ASSIGNED TASK: The lines to repeat are those below from the one containing "Tczew - Ferie" down to the one containing "Sale, house, 183m², Tudorovići, Budva", both included; reproduce them exactly and nothing else.

Web page caption snippets:
* * * * *
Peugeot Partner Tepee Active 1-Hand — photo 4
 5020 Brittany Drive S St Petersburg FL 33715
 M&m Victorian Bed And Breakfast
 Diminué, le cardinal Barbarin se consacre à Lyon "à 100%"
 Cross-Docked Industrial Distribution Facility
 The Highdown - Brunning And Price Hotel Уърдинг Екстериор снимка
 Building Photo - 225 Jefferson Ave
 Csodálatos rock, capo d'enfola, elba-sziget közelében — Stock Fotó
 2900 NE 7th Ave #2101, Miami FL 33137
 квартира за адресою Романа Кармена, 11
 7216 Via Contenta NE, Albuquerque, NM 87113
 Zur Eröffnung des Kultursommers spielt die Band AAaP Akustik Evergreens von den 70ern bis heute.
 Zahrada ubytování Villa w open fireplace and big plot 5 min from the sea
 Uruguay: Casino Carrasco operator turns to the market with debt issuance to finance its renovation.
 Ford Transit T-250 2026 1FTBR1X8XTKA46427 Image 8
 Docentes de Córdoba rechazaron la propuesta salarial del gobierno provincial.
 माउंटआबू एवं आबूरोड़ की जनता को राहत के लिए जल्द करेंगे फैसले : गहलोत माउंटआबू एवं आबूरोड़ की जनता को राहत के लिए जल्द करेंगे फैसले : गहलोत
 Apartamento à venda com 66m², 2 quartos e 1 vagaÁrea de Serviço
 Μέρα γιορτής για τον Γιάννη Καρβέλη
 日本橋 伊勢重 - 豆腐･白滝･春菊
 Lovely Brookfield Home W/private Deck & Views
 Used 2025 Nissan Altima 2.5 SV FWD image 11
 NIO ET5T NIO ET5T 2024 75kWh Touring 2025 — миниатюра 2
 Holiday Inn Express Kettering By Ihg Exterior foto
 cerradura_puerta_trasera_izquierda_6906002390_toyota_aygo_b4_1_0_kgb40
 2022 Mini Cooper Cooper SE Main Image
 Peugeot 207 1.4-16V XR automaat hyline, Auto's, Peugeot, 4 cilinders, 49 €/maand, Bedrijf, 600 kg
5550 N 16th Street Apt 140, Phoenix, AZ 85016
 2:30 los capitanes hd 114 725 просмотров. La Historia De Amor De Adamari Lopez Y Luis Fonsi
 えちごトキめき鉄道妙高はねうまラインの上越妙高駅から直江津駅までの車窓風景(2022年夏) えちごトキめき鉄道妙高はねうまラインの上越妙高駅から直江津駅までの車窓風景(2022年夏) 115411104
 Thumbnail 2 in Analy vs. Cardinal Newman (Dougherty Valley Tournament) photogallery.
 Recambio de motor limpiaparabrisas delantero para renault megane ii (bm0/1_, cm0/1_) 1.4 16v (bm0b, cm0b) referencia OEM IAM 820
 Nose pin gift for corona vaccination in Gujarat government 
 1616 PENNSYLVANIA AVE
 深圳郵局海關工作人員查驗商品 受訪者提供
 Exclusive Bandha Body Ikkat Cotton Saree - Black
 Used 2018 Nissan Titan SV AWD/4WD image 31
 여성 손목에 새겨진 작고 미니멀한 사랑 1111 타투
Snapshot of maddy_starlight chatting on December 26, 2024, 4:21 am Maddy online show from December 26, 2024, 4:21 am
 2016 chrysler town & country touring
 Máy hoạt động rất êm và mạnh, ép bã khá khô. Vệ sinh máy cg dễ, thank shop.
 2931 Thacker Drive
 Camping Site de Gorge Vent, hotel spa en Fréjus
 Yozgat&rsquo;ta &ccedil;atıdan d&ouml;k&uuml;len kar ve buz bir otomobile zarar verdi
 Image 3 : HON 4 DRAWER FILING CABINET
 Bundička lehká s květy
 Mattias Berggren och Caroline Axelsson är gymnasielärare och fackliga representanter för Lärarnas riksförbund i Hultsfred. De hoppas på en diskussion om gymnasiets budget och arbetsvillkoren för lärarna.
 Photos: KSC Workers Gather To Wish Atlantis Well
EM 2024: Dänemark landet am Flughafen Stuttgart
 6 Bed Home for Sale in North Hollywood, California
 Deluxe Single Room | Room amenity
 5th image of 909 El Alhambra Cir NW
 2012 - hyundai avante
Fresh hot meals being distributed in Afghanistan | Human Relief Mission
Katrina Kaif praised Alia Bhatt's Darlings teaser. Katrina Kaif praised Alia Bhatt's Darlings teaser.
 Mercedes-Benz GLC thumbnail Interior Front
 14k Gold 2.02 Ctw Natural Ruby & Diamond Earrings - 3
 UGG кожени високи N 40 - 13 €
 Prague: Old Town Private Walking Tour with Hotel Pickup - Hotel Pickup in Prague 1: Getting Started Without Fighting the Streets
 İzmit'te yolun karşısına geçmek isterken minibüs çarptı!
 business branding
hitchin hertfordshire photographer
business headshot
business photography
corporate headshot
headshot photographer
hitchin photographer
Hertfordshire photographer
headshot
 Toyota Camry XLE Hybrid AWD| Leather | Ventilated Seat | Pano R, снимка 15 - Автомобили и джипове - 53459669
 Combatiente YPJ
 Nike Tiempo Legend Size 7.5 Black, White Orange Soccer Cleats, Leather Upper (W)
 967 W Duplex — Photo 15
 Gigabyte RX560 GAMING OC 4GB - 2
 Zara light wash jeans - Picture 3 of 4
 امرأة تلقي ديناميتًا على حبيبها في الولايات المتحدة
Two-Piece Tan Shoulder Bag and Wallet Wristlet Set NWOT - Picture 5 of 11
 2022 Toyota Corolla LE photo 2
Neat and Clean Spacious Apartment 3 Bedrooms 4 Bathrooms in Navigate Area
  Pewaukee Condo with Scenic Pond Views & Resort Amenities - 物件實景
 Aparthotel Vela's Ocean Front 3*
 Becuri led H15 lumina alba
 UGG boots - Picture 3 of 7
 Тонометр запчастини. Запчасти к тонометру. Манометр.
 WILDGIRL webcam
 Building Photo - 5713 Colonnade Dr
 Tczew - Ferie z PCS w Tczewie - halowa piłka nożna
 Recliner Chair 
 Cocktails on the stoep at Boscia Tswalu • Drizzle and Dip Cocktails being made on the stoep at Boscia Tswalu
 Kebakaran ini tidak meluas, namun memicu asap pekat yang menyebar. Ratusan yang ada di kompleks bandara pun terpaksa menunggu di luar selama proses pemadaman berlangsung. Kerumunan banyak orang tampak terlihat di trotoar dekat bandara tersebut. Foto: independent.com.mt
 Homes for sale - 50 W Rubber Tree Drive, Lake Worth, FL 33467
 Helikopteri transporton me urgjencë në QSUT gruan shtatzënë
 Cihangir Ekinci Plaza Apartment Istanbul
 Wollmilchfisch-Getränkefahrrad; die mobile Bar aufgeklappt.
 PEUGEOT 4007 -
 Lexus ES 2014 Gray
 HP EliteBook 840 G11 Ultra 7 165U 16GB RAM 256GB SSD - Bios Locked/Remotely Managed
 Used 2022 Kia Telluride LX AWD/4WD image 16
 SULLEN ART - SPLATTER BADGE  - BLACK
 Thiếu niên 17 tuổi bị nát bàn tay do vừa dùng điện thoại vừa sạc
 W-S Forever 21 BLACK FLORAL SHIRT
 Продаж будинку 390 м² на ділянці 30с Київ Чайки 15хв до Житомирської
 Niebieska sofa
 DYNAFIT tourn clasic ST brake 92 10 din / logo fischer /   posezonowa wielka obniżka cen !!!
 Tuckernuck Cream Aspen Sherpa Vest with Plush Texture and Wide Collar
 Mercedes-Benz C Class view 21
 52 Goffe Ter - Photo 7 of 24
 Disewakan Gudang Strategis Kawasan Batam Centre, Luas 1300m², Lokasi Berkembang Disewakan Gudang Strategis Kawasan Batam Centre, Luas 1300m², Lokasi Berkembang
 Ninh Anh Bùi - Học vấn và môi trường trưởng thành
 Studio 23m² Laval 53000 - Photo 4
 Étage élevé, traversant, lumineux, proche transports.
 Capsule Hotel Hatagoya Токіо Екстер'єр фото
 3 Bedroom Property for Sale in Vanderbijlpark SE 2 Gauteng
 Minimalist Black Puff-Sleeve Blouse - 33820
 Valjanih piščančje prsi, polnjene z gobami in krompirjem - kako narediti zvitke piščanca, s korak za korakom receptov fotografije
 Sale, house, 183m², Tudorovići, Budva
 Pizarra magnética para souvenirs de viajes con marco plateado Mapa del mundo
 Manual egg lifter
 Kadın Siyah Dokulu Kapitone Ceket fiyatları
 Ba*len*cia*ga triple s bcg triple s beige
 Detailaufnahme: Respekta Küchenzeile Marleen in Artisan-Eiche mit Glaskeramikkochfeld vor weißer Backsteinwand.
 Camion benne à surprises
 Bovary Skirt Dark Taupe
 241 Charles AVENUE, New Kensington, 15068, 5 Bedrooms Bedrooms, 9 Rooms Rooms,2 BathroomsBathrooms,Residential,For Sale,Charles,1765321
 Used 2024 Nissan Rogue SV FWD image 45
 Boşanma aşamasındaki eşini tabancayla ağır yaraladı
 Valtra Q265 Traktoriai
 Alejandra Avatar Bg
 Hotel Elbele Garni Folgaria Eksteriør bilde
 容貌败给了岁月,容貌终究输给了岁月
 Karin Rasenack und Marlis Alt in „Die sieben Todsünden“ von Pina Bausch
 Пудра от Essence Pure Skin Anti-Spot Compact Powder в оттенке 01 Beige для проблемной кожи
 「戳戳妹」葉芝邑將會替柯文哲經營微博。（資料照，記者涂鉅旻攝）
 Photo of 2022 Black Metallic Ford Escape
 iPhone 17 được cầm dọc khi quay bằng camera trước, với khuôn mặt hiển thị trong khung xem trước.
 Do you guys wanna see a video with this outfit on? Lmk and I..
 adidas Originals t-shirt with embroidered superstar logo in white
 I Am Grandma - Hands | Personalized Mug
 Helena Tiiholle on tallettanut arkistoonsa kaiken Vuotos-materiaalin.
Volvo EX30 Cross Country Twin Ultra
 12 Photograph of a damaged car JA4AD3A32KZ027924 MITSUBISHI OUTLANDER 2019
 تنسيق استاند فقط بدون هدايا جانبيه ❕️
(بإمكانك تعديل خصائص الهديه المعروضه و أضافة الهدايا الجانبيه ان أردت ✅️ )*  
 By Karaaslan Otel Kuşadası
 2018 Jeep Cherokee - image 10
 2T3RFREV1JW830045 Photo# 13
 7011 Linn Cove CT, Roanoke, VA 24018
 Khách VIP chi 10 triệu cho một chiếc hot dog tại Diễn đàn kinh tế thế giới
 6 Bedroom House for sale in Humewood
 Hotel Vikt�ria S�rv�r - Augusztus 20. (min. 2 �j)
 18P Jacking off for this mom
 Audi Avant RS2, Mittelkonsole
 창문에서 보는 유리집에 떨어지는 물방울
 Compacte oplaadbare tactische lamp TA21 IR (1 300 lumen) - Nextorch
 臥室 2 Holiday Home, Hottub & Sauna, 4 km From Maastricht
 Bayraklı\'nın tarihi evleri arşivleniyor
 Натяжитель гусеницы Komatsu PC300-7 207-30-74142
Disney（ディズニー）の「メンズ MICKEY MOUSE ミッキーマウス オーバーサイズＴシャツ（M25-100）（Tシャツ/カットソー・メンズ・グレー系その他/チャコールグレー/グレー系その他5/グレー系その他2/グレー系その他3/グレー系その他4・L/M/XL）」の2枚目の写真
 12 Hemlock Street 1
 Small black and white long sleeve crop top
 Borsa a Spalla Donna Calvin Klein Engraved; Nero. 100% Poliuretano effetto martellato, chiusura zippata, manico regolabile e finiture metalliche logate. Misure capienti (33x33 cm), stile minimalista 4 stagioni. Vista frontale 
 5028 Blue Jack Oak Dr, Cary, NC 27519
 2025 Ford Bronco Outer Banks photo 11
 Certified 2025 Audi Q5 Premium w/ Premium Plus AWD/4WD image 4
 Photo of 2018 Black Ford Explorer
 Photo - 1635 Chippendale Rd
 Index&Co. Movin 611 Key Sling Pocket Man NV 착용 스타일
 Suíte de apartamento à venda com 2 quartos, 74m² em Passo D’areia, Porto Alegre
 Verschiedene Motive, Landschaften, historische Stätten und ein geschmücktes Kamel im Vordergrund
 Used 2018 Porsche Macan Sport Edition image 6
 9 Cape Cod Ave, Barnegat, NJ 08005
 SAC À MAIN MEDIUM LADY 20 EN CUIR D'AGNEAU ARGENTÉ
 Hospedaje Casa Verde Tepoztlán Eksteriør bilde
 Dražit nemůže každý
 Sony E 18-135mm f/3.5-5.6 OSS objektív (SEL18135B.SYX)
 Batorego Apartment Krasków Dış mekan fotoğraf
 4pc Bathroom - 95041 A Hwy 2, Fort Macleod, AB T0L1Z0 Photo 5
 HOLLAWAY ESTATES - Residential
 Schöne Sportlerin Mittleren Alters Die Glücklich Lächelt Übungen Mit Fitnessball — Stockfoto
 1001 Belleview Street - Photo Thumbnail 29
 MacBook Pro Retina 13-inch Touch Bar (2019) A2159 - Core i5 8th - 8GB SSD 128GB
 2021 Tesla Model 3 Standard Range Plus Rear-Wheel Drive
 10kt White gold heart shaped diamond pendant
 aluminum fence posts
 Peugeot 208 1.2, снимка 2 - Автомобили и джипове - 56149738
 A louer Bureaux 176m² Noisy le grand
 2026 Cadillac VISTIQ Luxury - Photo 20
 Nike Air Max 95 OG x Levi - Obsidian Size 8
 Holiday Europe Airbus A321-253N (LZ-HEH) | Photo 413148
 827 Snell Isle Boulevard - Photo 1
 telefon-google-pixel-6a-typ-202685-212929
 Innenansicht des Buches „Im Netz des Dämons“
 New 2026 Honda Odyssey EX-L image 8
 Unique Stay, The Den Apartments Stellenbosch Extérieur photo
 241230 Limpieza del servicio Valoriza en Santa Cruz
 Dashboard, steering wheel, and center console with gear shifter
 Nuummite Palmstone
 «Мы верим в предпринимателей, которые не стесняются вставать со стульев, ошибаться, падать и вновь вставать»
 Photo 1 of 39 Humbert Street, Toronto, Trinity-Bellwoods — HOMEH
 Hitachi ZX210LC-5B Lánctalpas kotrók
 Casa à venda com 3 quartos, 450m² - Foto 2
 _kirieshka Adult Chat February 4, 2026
* * * * *
OUTPUT FOR THIS TASK:
 Tczew - Ferie z PCS w Tczewie - halowa piłka nożna
 Recliner Chair 
 Cocktails on the stoep at Boscia Tswalu • Drizzle and Dip Cocktails being made on the stoep at Boscia Tswalu
 Kebakaran ini tidak meluas, namun memicu asap pekat yang menyebar. Ratusan yang ada di kompleks bandara pun terpaksa menunggu di luar selama proses pemadaman berlangsung. Kerumunan banyak orang tampak terlihat di trotoar dekat bandara tersebut. Foto: independent.com.mt
 Homes for sale - 50 W Rubber Tree Drive, Lake Worth, FL 33467
 Helikopteri transporton me urgjencë në QSUT gruan shtatzënë
 Cihangir Ekinci Plaza Apartment Istanbul
 Wollmilchfisch-Getränkefahrrad; die mobile Bar aufgeklappt.
 PEUGEOT 4007 -
 Lexus ES 2014 Gray
 HP EliteBook 840 G11 Ultra 7 165U 16GB RAM 256GB SSD - Bios Locked/Remotely Managed
 Used 2022 Kia Telluride LX AWD/4WD image 16
 SULLEN ART - SPLATTER BADGE  - BLACK
 Thiếu niên 17 tuổi bị nát bàn tay do vừa dùng điện thoại vừa sạc
 W-S Forever 21 BLACK FLORAL SHIRT
 Продаж будинку 390 м² на ділянці 30с Київ Чайки 15хв до Житомирської
 Niebieska sofa
 DYNAFIT tourn clasic ST brake 92 10 din / logo fischer /   posezonowa wielka obniżka cen !!!
 Tuckernuck Cream Aspen Sherpa Vest with Plush Texture and Wide Collar
 Mercedes-Benz C Class view 21
 52 Goffe Ter - Photo 7 of 24
 Disewakan Gudang Strategis Kawasan Batam Centre, Luas 1300m², Lokasi Berkembang Disewakan Gudang Strategis Kawasan Batam Centre, Luas 1300m², Lokasi Berkembang
 Ninh Anh Bùi - Học vấn và môi trường trưởng thành
 Studio 23m² Laval 53000 - Photo 4
 Étage élevé, traversant, lumineux, proche transports.
 Capsule Hotel Hatagoya Токіо Екстер'єр фото
 3 Bedroom Property for Sale in Vanderbijlpark SE 2 Gauteng
 Minimalist Black Puff-Sleeve Blouse - 33820
 Valjanih piščančje prsi, polnjene z gobami in krompirjem - kako narediti zvitke piščanca, s korak za korakom receptov fotografije
 Sale, house, 183m², Tudorovići, Budva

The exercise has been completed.